Wenn die Methoden der Digitalisierung, also das umfangreiche Erheben und Auswerten von Daten sowie das konsequente Vernetzen von Geräten, auf eine ganze Stadt oder einen Stadtteil angewandt werden, entsteht eine sogenannte Smart City.
Die gewonnenen Informationen werden dabei genutzt, um Verkehr, Infrastruktur und andere Belange zu steuern und zu optimieren. Davon profitieren sowohl die Anwohner als auch ansässige Unternehmen – Service werden stetig schneller, besser und umfangreicher und Kosten eingespart. Die dadurch frei werdenden Ressourcen können wiederum in verbesserte Technik bzw. in die städtischen Anlagen investiert werden.

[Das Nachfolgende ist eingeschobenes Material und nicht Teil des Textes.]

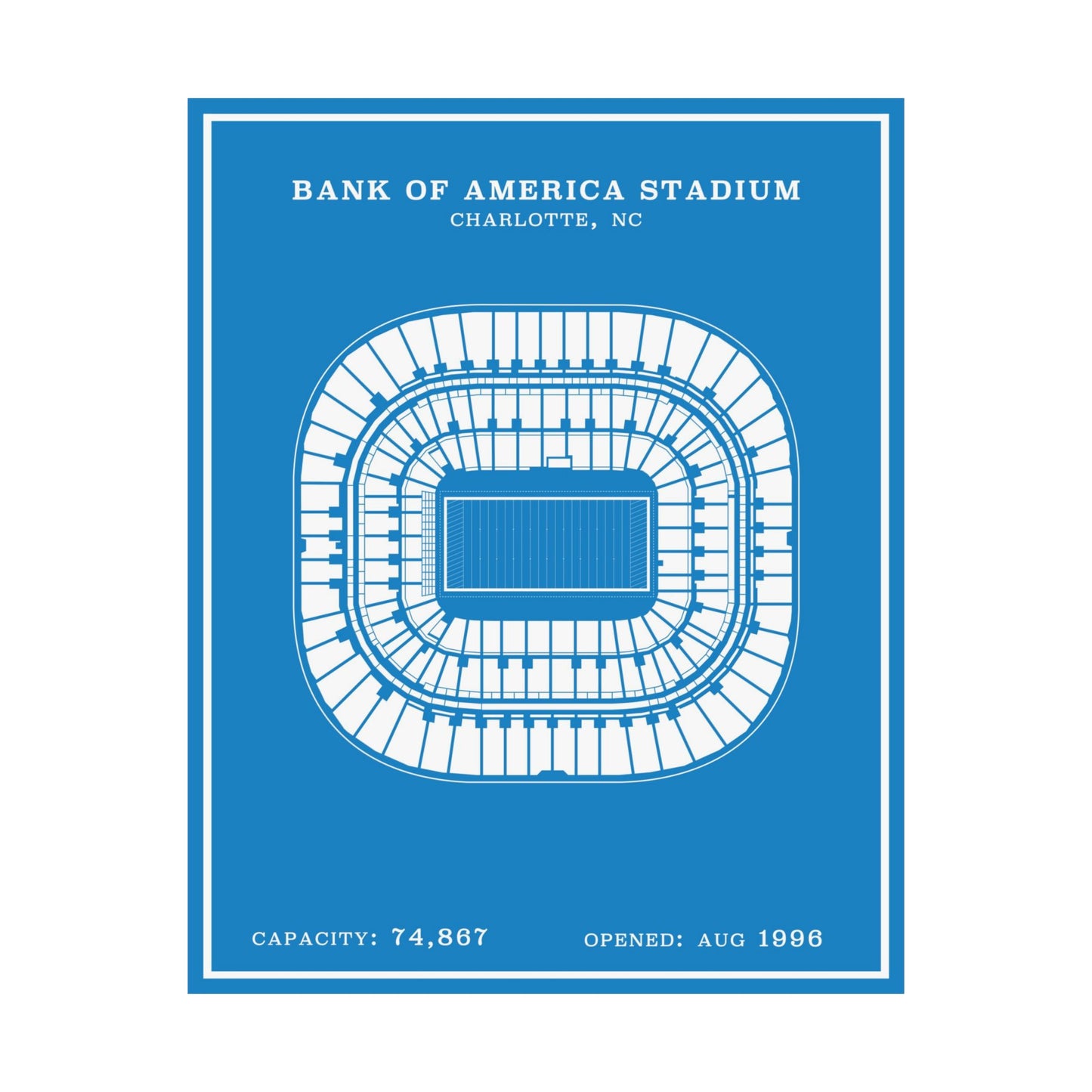 Bank of America Stadium Poster | Modern Border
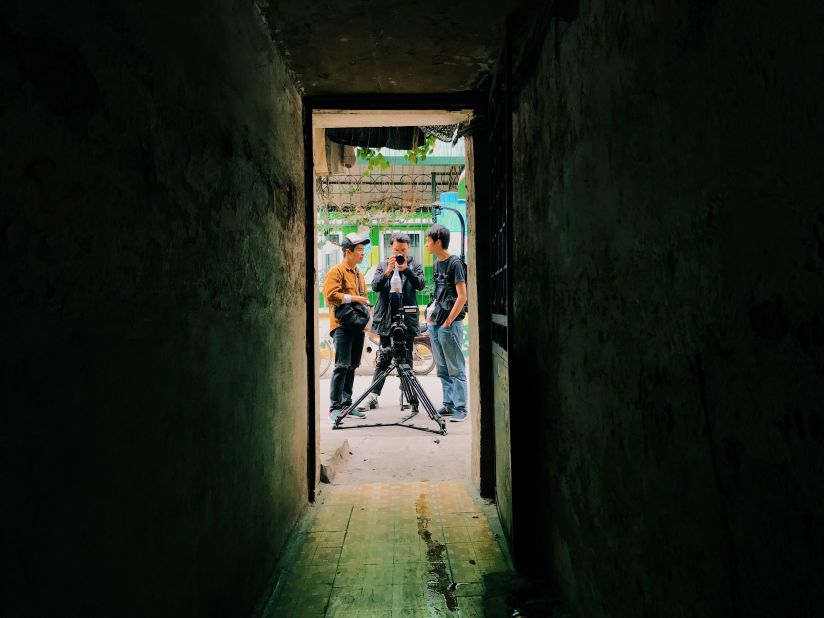 "I always feel calm when being at these places," she says. "The streets are always crowded but when you are there, it's somehow very quiet and peaceful."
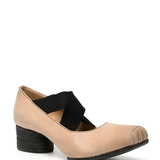 Ballerine con fasce incrociate in rosa 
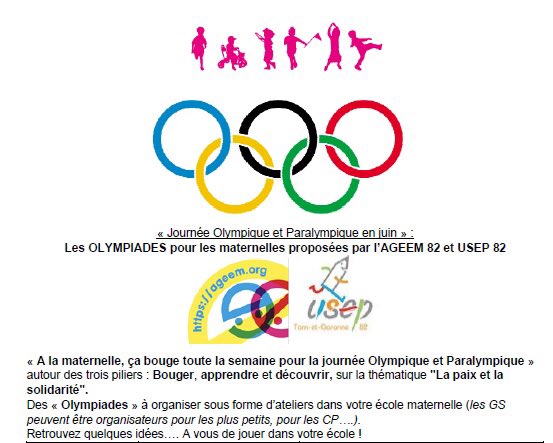 A la #maternelle ça bouge pour la #journeeolympique2022, des  Olympiades proposées par <a href="/usep_82/">USEP82</a> #ageem 82!! A vos baskets! <a href="/AgeemAcTlse/">AGEEM ac Toulouse</a>  <a href="/AGEEM_National/">AGEEM National</a> <a href="/CrusepO/">CRUSEP Occitanie</a> <a href="/EpsToulouse/">EPS Académie Toulouse</a> <a href="/G24Toulouse/">G24 Toulouse</a> <a href="/usepnationale/">USEP nationale</a> <a href="/DSDEN82/">DSDEN 82</a>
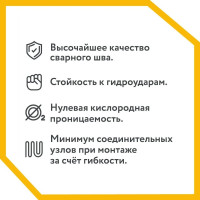 Гофрированная труба из нержавеющей стали Stahlmann SS304 15А, отожженная, 3 м 2238906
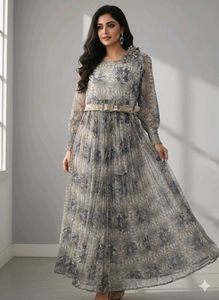 Elegant Floral Print Maxi Dress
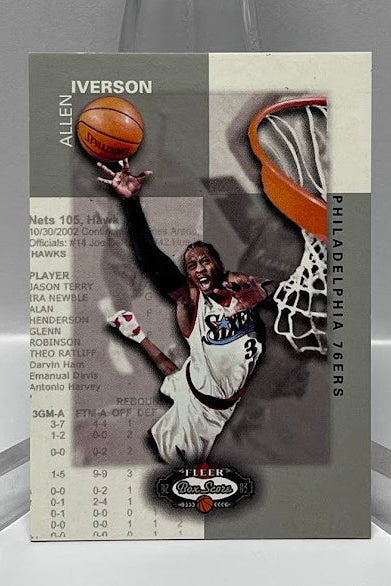 2002-03 Fleer Box Score Mini Card Allen Iverson Philadelphia 76ers #21
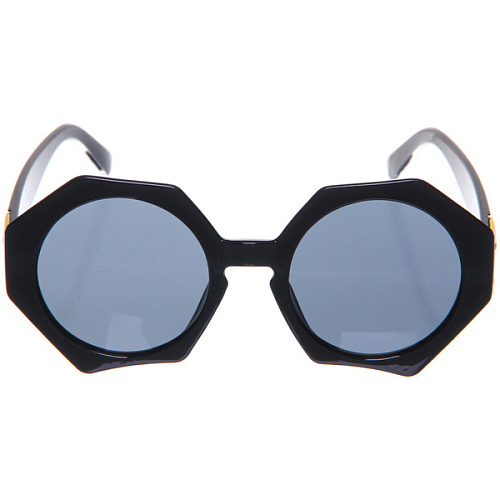 Очки солнцезащитные детские ЖАРА, круглые, цвет черный_4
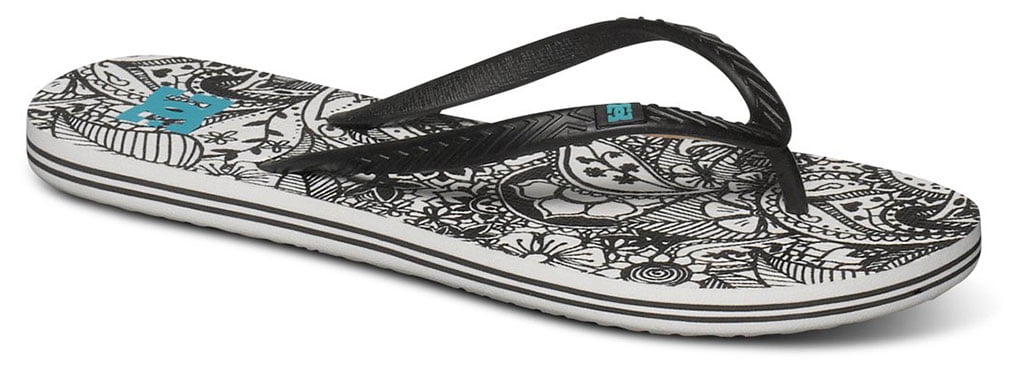 dc flip flops womens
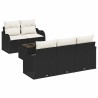 Ensemble de canapé de jardin Noir polyrotin 518215518215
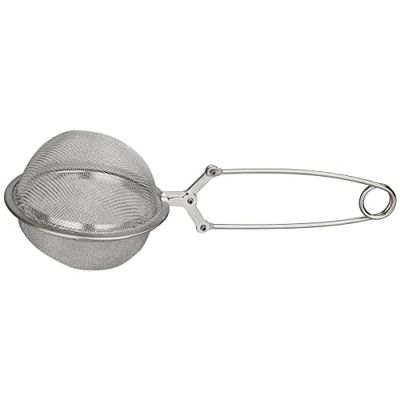 Fackelmann Tea Infuser of Stainless Steel, Silver, 3 x 7.5-Inch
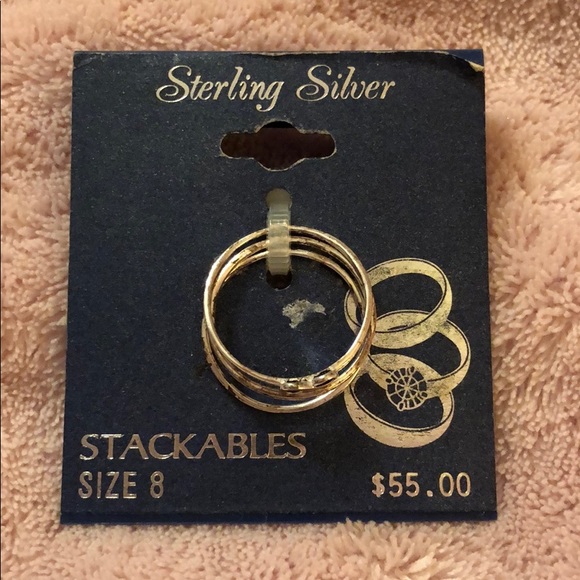 Sterling Silver Stackable Rings - Picture 1 of 3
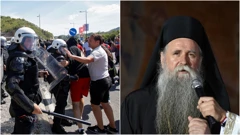 Prosvjed u Cetinju; Joanikije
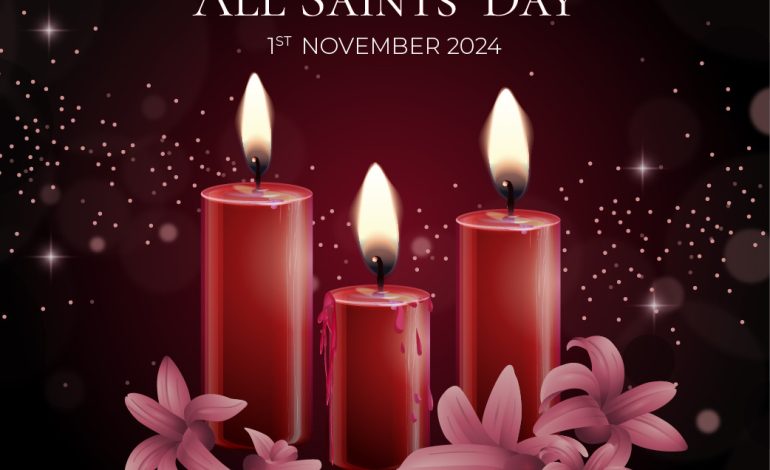 Wishing everyone “All Saints Day!”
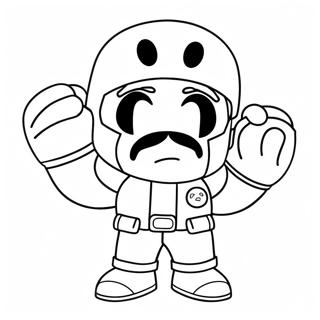 Brawl Stars Leon Coloring Page 37623-30103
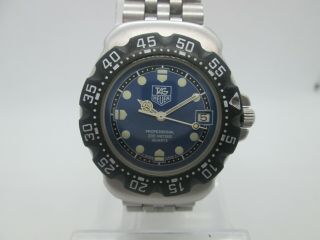 Vintage Tag Heuer F1 Stainless Steel Quartz Midsize Mens Watch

Das Konzept der Smart City wird daher von vielen Experten als eine Lösung für die vielen Probleme moderner Stadtplanung und –Management gesehen.
Definition einer „Smart City“
Der Begriff ist nicht exakt umrissen, sodass eine Definition, je nach Quelle, unterschiedlich ausfallen kann. Einzelne Aspekte werden aber so häufig genannt, dass man sie als gegeben betrachten kann. Dazu zählen insbesondere:
Datenerhebung und –Nutzung. Durch zahlreiche Sensoren sowie den freiwillig von den Bewohnern übermittelten Informationen weiß eine Smart City, was in ihr vorgeht. Dies umfasst öffentliche, private und shared Verkehrsmittel, Gebäude- und Anlagennutzung, Energie, Wasser, Internetnutzung, öffentliche Dienste und vieles Mehr.
Durch die Vernetzung der einzelnen Dienste und die Echtzeit Übermittlung der aktuellen Daten entsteht ein interaktives Bild über die Vorgänge innerhalb der Stadt/des Stadtteils. Diese Informationen können anschließend in mathematischen Modellen verarbeitet werden und erlauben Prozessoptimierungen und einen besseren Ressourceneinsatz.
Austausch zwischen Verwaltung und Anwohnern. Eine Smart City zeichnet sich durch digitale Partizipationsmöglichkeiten und eine zweigleisige Kommunikation zwischen den Organisationseinheiten und Dienstleistern der Stadt und den Bewohnern und Unternehmen aus. Hierbei kann mittels entsprechenden Anwendungen und Plattformen ein Informationsaustausch zwischen den Beteiligten stattfinden, der gegenseitiges Verständnis und Ressourcennutzung verbessert.
Dank der Vernetzung der Akteure untereinander vereinfacht sich die Entscheidungsfindung sowie die Informationspolitik für die öffentliche Seite. Auch neue Ideen und Innovationen, mit denen die speziellen Probleme und Aufgaben besser bewältigt werden können, lassen sich durch Einbezug der Bewohner finden. Für die Anwohner hingegen wird es leichter, auf Probleme und ungenutzte Potenziale aufmerksam zu machen und sich zu verschiedensten Zwecken zusammenzufinden, auszutauschen oder gegenseitig zu unterstützen.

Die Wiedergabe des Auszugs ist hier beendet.